**Work instruction**
A partial copy is required: transcribe exactly the lines from the one containing "Mercedes-Benz S 350" through the last line below, without any pictures.

+++ Listed records +++

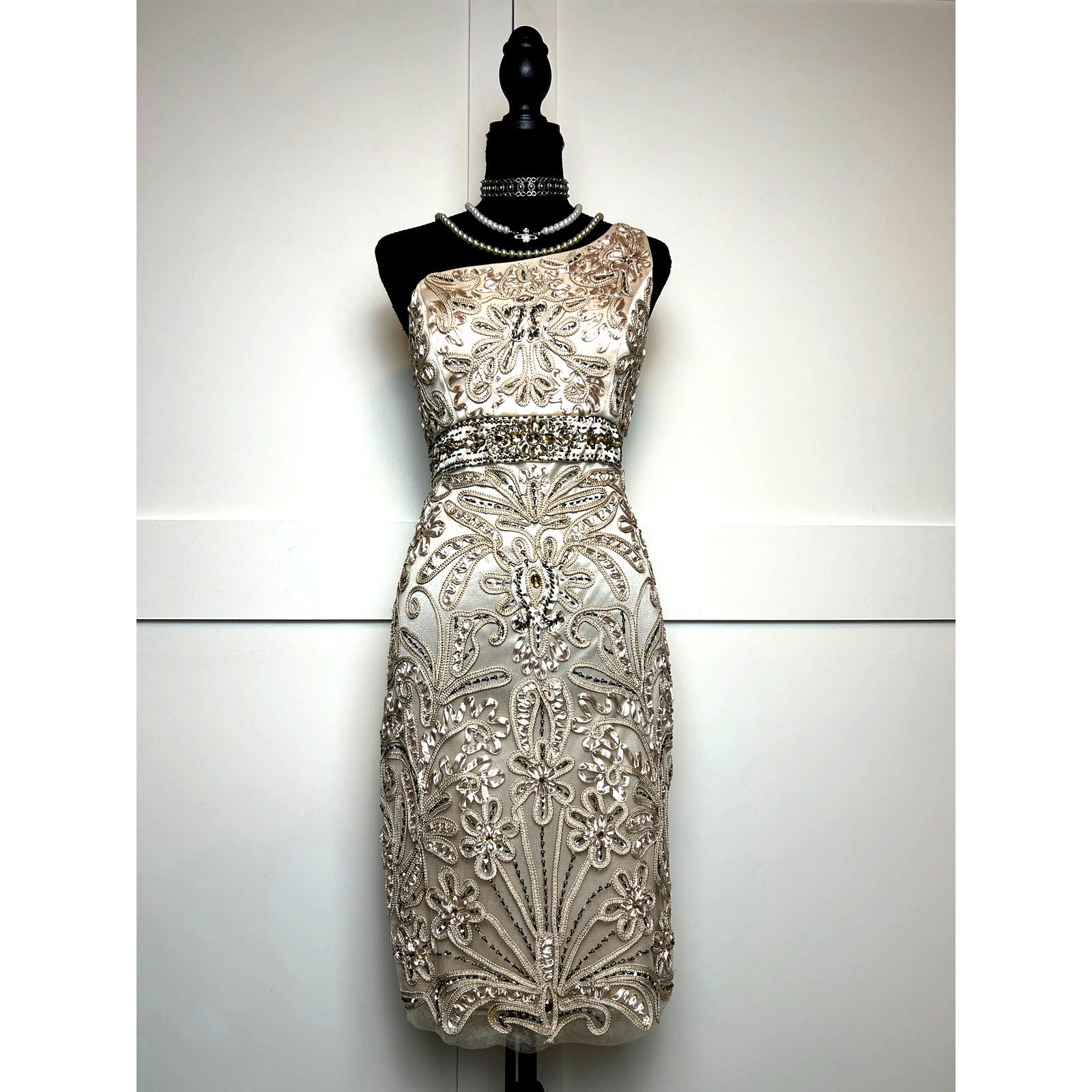 Sue Wong Nocturne Dress - Etsy Sue Wong Nocturne Dress - Etsy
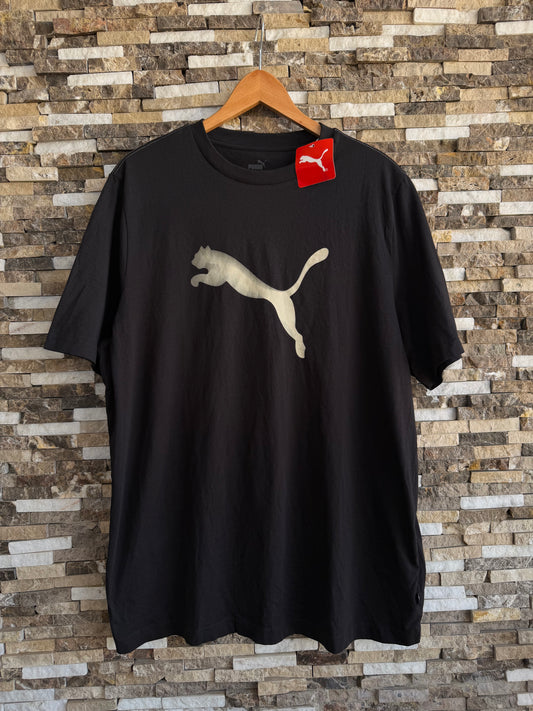 Puma Original Men T-Shirt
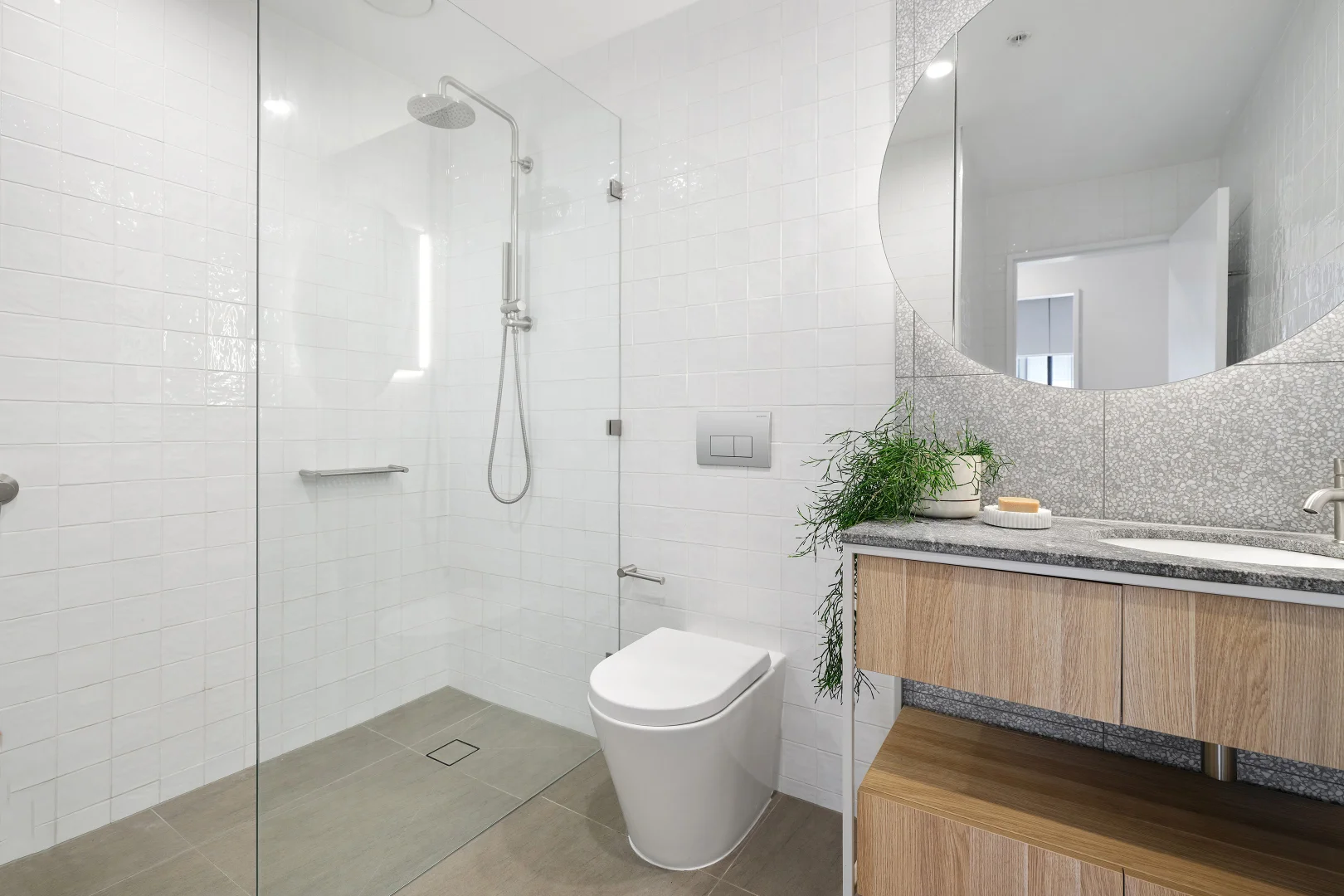 Additional image 14 of 507/11 Perkins Street, Newcastle NSW 2300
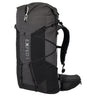 Exped Lightning 50 - Wanderrucksack S/M 70 cm (black)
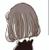 hien464949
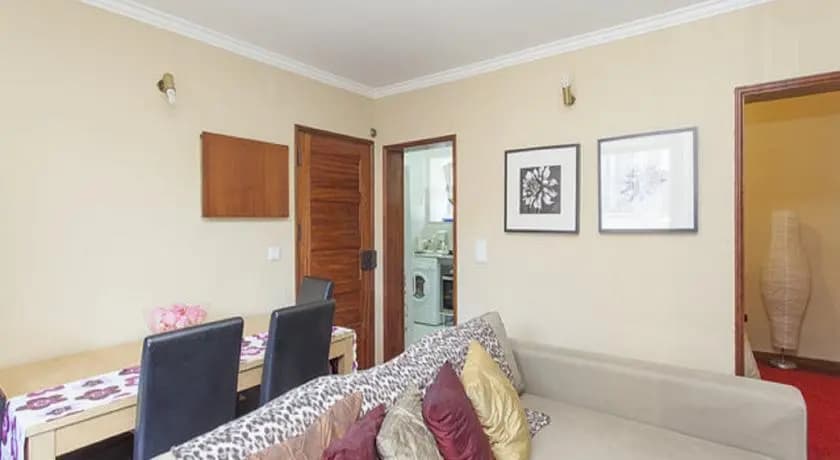 Casa Miradouro de Lisboa - photo 9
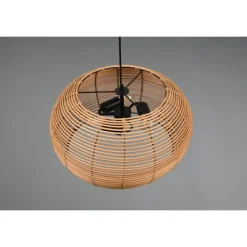 Trio INGA - 312200336 excl.3xE27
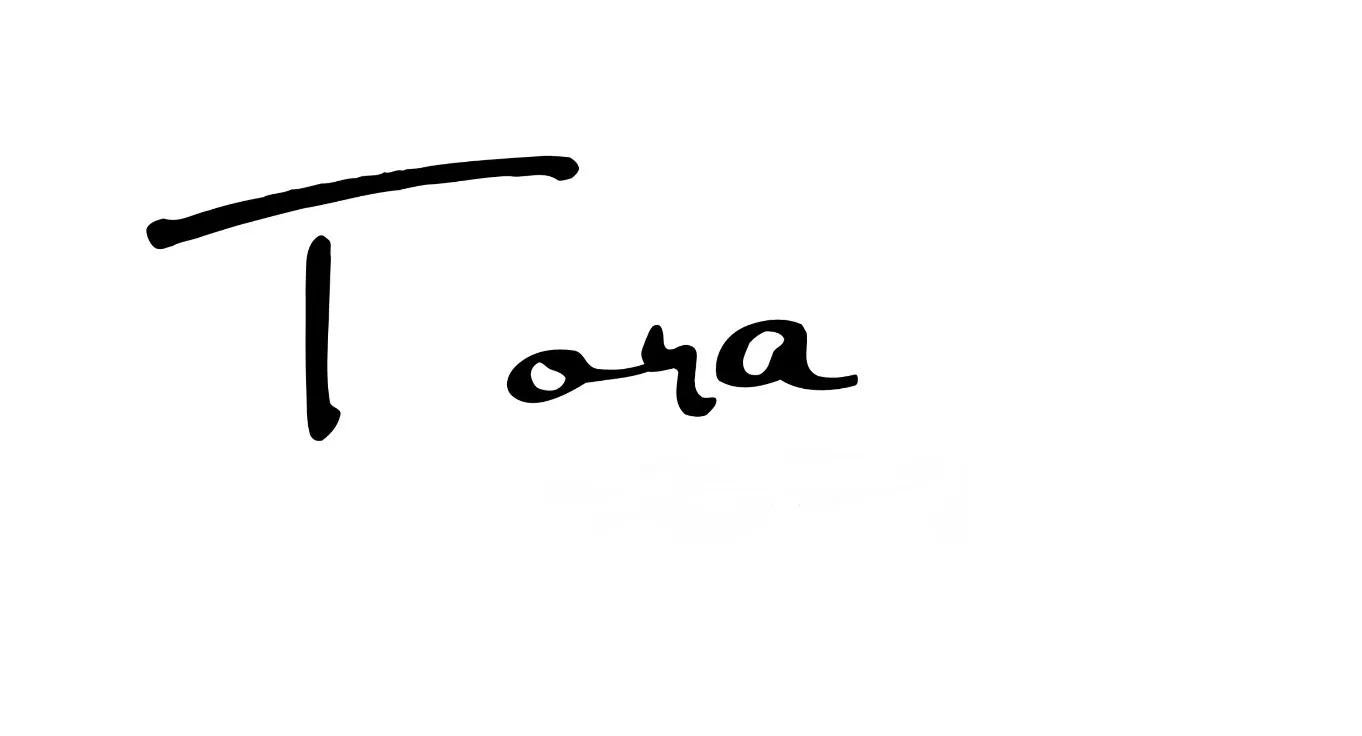TORA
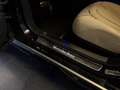 Mercedes-Benz S 350 S-Klasse S 350 d AMG Line 4Matic LANG Schwarz - thumbnail 24
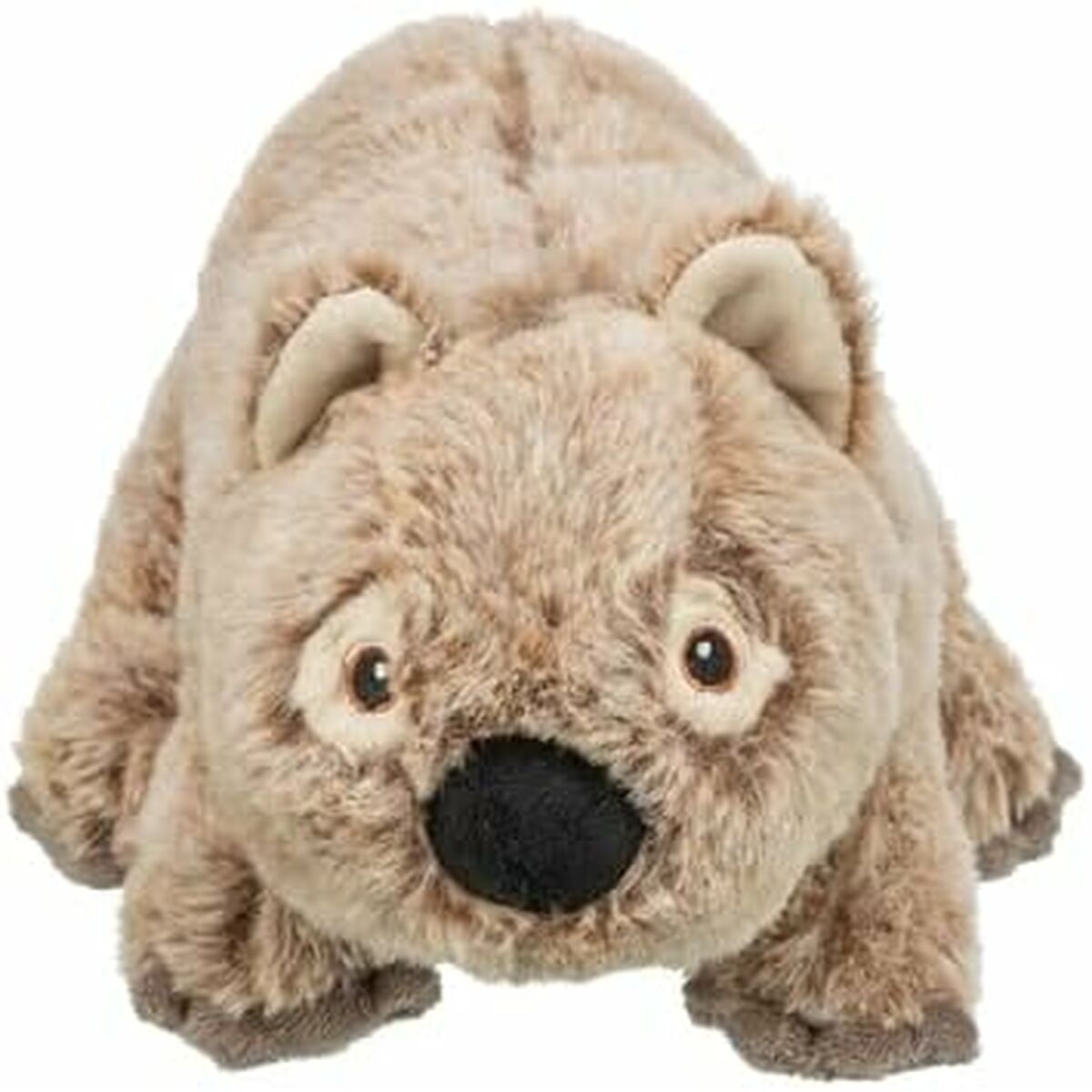 Soft toy for dogs Trixie Polyester Plush Koala 25 cm Soft toy for dogs Trixie Polyester Plush Koala 25 cm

+++

**Result of this task**
 Mercedes-Benz S 350 S-Klasse S 350 d AMG Line 4Matic LANG Schwarz - thumbnail 24
 Soft toy for dogs Trixie Polyester Plush Koala 25 cm Soft toy for dogs Trixie Polyester Plush Koala 25 cm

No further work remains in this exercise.